Could the listing below be returned exactly, with its pictures left out?

*** Given material Section Begins ***

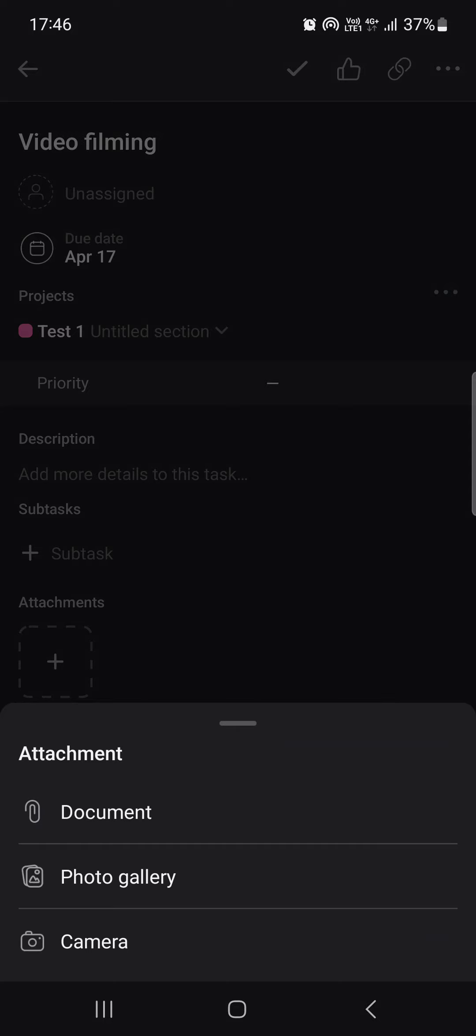So if you tap on the camera option, the app is going to open our camera and we can take a picture that we can attach to the task.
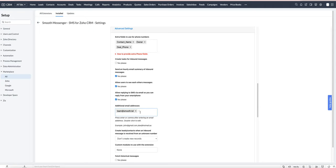Otherwise, inbound SMS notifications will go to the email address associated with the last user who sent an SMS to that contact.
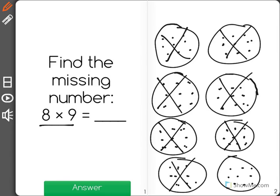64, 65, 66, 67, 68, 69, 70, 71, 72. 8 groups of 9 is equal to 72.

*** Given material Section Ends ***

Finished exercise =>
So if you tap on the camera option, the app is going to open our camera and we can take a picture that we can attach to the task.
Otherwise, inbound SMS notifications will go to the email address associated with the last user who sent an SMS to that contact.
64, 65, 66, 67, 68, 69, 70, 71, 72. 8 groups of 9 is equal to 72.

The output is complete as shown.